March 8, 2002
Information brokers who allegedly used deception to obtain consumers' confidential financial information have agreed to settle Federal Trade Commission charges that their practices violated federal law. The settlements bar the operators from obtaining or hiring others to obtain consumers' financial information through illegal means or by hiring or contracting with others who use illegal methods to obtain consumers' financial information. The settlements also require that the defendants give up the money they made in the illegal scheme.
In April 2001, the FTC filed suit in three U. S. District Courts to halt the operations of information brokers who allegedly used false pretenses, fraudulent statements, or impersonation to illegally obtain consumers' confidential financial information - such as bank balances - and sell it. The practice of obtaining consumers' private financial information under false pretenses is known as "pretexting." The Gramm-Leach-Bliley Act specifically outlaws pretexting and soliciting others to pretext.
"Pretexting, like that alleged in these cases, undermines consumers' basic expectation of confidentiality in their financial information," said J. Howard Beales, III, Director of the FTC's Bureau of Consumer Protection. "The clients of pretexters are often law firms and other businesses. These buyers should beware because knowingly obtaining pretexted information is illegal as well."
In documents filed with the courts, the FTC charged that the defendants maintained Web sites where they advertised that they could obtain non-public, confidential, financial information -- including such things as checking and savings account numbers and balances, stock, bond and mutual fund accounts and safe deposit box locations -- for fees ranging from $100 to $600, depending on the information sought.
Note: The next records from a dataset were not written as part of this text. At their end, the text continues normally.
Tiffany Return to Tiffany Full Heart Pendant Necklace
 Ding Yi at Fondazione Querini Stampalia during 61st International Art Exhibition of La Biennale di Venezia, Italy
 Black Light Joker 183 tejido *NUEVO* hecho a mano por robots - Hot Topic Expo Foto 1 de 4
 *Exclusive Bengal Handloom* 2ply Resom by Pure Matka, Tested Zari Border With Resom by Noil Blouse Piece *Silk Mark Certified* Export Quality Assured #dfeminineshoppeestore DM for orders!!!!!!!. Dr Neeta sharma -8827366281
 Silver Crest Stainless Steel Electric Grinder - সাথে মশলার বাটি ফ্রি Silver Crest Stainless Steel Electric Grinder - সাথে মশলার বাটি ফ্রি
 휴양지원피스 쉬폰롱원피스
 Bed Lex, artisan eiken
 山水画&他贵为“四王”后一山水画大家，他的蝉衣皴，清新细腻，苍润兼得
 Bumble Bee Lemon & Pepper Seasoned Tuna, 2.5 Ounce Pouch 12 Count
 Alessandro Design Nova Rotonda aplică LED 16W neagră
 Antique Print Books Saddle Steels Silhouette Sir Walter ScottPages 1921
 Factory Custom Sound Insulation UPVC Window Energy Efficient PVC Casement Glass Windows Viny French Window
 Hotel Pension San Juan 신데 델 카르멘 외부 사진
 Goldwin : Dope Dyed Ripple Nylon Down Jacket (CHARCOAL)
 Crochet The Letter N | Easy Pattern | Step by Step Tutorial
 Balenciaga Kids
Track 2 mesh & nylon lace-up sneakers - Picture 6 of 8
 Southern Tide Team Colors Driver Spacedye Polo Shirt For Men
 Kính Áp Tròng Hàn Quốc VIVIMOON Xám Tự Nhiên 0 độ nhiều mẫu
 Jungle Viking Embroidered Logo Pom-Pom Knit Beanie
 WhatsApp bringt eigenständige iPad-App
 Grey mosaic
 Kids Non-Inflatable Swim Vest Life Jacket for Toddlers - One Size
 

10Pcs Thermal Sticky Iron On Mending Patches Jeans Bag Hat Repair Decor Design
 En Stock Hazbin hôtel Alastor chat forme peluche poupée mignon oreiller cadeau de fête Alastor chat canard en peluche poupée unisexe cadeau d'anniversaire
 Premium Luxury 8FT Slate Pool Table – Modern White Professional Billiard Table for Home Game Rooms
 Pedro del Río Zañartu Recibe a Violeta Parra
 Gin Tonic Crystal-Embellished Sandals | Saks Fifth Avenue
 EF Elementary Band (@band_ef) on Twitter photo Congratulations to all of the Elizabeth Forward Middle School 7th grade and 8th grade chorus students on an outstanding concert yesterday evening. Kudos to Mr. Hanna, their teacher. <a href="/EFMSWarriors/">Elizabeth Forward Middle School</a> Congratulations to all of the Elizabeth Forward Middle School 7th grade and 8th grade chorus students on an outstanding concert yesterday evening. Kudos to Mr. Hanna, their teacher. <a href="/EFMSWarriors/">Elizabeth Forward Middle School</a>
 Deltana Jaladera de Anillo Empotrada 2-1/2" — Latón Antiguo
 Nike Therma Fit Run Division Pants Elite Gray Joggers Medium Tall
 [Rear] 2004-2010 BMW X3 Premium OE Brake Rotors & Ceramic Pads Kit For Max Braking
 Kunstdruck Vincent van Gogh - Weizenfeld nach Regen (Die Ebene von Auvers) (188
In sting operations set up by the FTC in cooperation with local banks, investigators established dummy bank accounts in the names of cooperating witnesses and then called defendants posing as purchasers of the defendants' pretexting services. In the three cases, an FTC investigator posed as a consumer seeking account balance information on her fiancé's checking account. The investigator provided limited information about her "fiancé's" account to the defendants. The defendants or persons they hired called the bank, identifying themselves by the name of the supposed "fiancé," and asked to check his balance. The defendants later provided the account balance information to the FTC investigator. The FTC asked the courts to halt the illegal practices permanently, freeze the defendants' assets pending trial, and order them to give up their ill-gotten gains. The courts temporarily enjoined the defendants from continuing the illegal practices and imposed partial freezes of their assets pending trial. The settlements announced today resolve those court cases.